### Information shown
- - - -
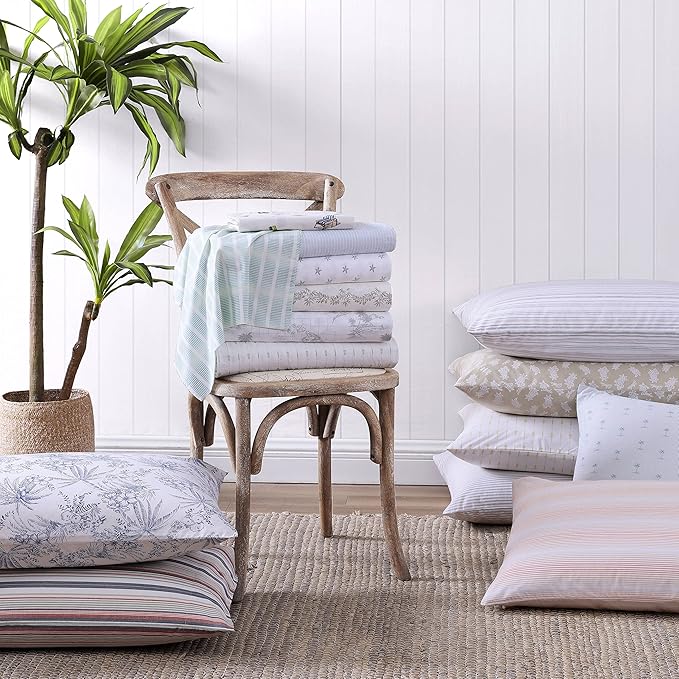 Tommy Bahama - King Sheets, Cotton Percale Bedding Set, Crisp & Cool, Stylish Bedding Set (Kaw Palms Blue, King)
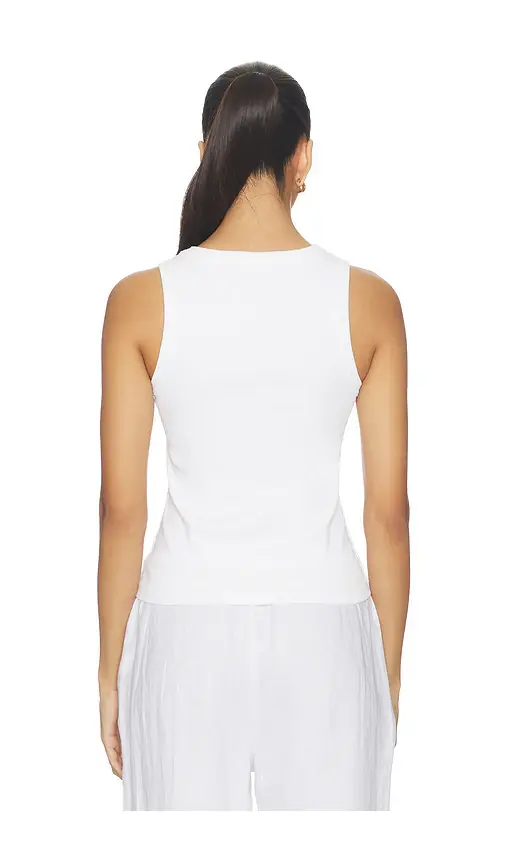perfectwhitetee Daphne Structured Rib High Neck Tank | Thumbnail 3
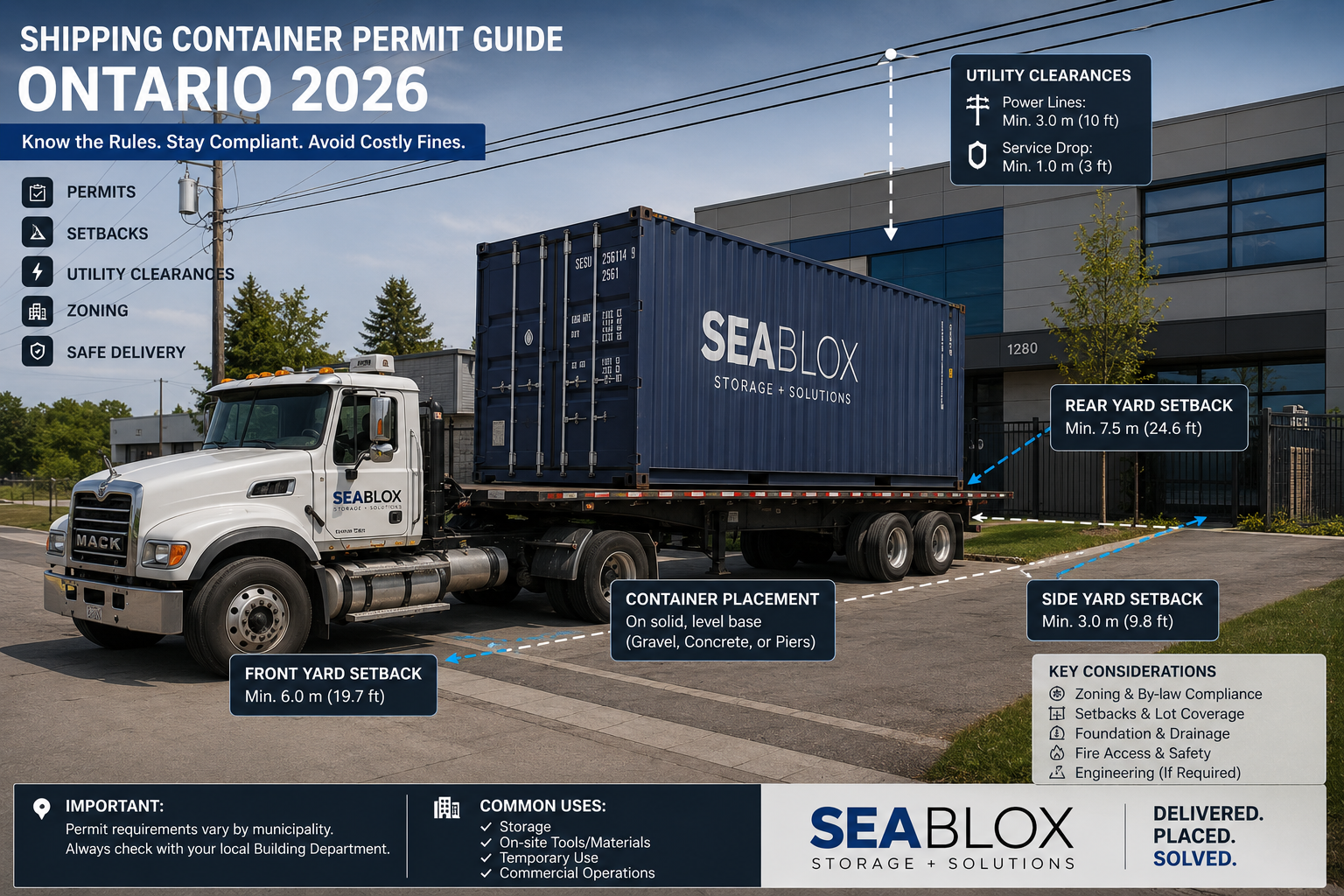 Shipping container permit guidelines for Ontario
- - - -
### Problem details
The required output is the lines from the one containing "perfectwhitetee Daphne Structured" through the end of the data, printed exactly, with no pictures.

### Solution to this exercise
perfectwhitetee Daphne Structured Rib High Neck Tank | Thumbnail 3
 Shipping container permit guidelines for Ontario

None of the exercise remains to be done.